During his first term, Trump expressed frustration that his generals did not demonstrate the kind of personal loyalty he believed Hitler's generals had shown. Former White House Chief of Staff John Kelly reported that Trump repeatedly said he wanted "the kind of generals that Hitler had" and commented that "Hitler did some good things." These statements, while alarming to military professionals and scholars of authoritarianism, did not translate into systematic changes to military leadership structures during that first term. Institutional guardrails, combined with resistance from senior officials including Kelly, former Secretary of Defense James Mattis, and former Chairman of the Joint Chiefs Mark Milley, prevented Trump from fundamentally altering the military's constitutional role. The question facing observers in 2025 is whether those guardrails remain sufficient as Trump pursues a far more aggressive agenda backed by carefully selected loyalists rather than institutionalists.
The purge of military leadership
Trump's second term began with an unprecedented wave of senior officer dismissals that represents the most extensive peacetime purge of military leadership in American history. Within hours of his January 20, 2025 inauguration, Trump fired Admiral Linda Fagan, the Commandant of the Coast Guard and the first woman to lead a branch of the armed forces, giving her three hours to vacate her residence. This immediate action signaled that concerns about systematic purges that had been dismissed as alarmist speculation during the transition were instead operational plans.
On February 21, 2025, Trump fired General Charles Q. Brown Jr., the Chairman of the Joint Chiefs of Staff, who had served only sixteen months of his four-year term. The position of Chairman traditionally spans presidential administrations specifically to maintain military continuity and insulate the role from political considerations. No Chairman in American history had previously been fired mid-term. Within days, Trump also removed Admiral Lisa Franchetti, the first woman to serve as Chief of Naval Operations, and General James Slife, Vice Chief of Staff of the Air Force. Secretary of Defense Pete Hegseth, appointed for his loyalty rather than traditional qualifications for the position, justified these removals by characterizing the officers as products or promoters of diversity, equity and inclusion programs. His explicit message that Black and female officers would no longer lead at senior levels represented an abandonment of even nominal adherence to merit-based selection principles.
The firings extended beyond the most senior positions to include the military's top legal officers.
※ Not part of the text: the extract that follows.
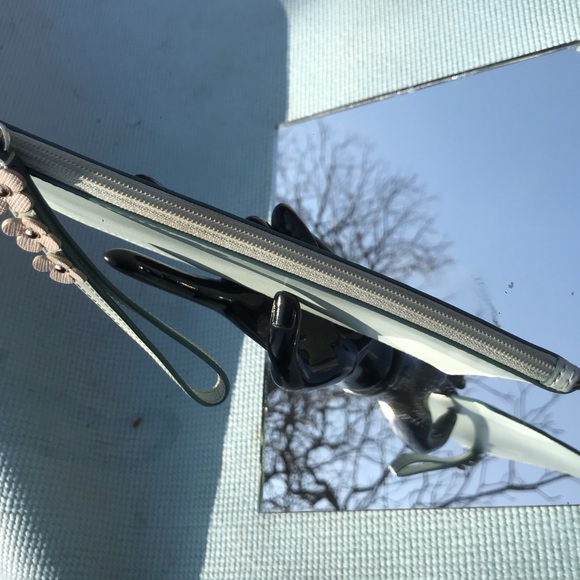 KATE SPADE Leather Eli Wristlet Floral Misty Mint - Picture 6 of 10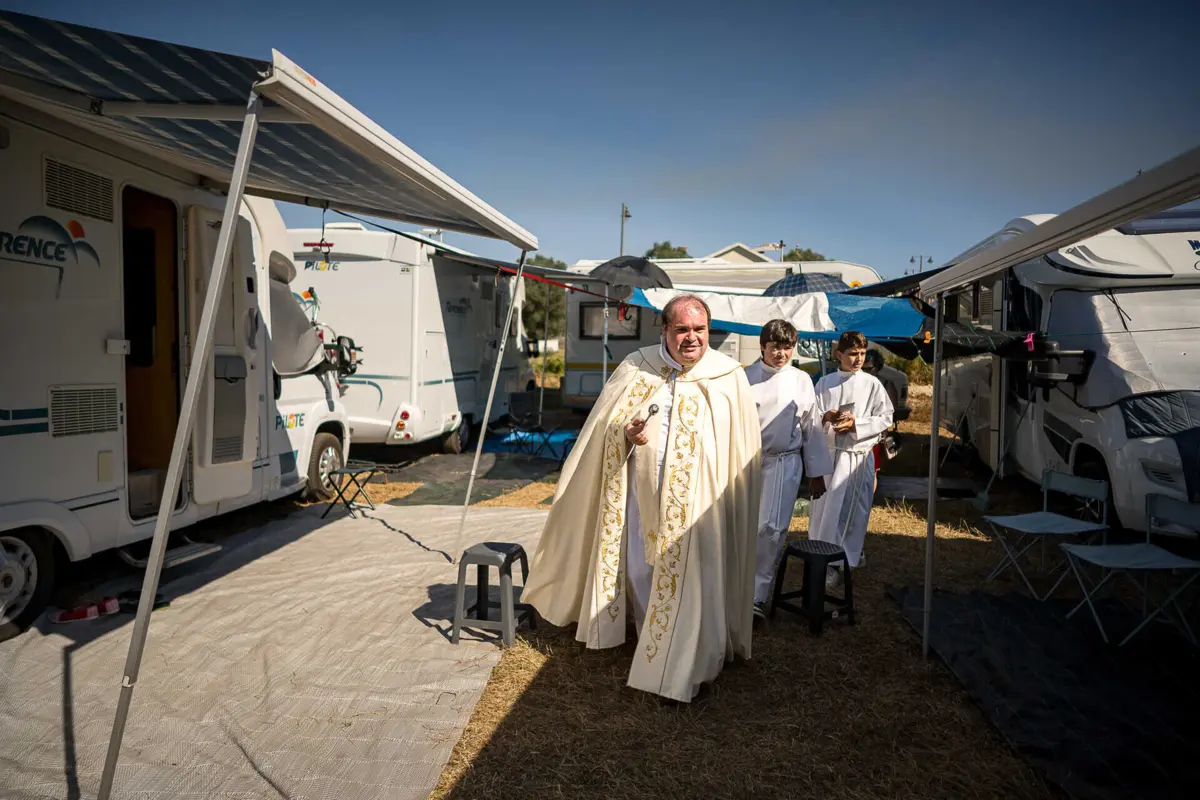 Imagem de contexto do artigo Liberdade e água benta: o padre Paulo benzeu 60 autocaravanas em Ponte de Lima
Trump and Hegseth dismissed the Judge Advocates General of the Army, Navy and Air Force, eliminating the very officers responsible for advising commanders whether presidential orders comply with military law and the Constitution. Former military prosecutors observed that firing the lawyers represents a prerequisite step for leaders planning to issue unlawful orders. Senator Jack Reed, ranking Democrat on the Armed Services Committee, stated that the purge was designed to ensure everyone in the Department of Defense was "beholden to the president, not to the Constitution," describing the removal of military lawyers as particularly alarming since "if you're going to break the law, the first thing you do is you get rid of the lawyers."
By November 2025, Trump had fired at least ten senior military officers, most of them women or people of color. Additional officers who had served under or worked closely with General Milley found their promotions delayed or canceled despite meeting statutory qualifications. Retired Major General James Patrick Work, expected to become deputy commander at U.S. Central Command overseeing troops in the Middle East, saw his appointment blocked due to his previous service under Milley. Admiral Alvin Holsey, head of U.S. Southern Command, was forced to step down after questioning the administration's claims about deadly military strikes on boats in the Caribbean Sea that the administration characterized as drug trafficking vessels without providing detailed evidence. The pattern suggested that candor and professional military judgment had become liabilities rather than valued qualities in senior officers.
To replace fired officers, Trump nominated retired Lieutenant General Dan "Razin" Caine as Chairman of the Joint Chiefs. Caine lacks the statutory qualifications for the position, which requires service as Vice Chairman, a service chief (except Coast Guard), or commander of a combatant command. While presidents possess waiver authority for these requirements if deemed in the national interest, the selection of a retired officer who met Trump in Iraq and reportedly impressed him personally underscored that loyalty had replaced professional qualifications as the primary selection criterion. Senator Tammy Duckworth observed that the nomination, combined with the broader purge pattern, demonstrates a deliberate strategy of "prioritizing fealty over qualifications and putting our national security at risk in the process."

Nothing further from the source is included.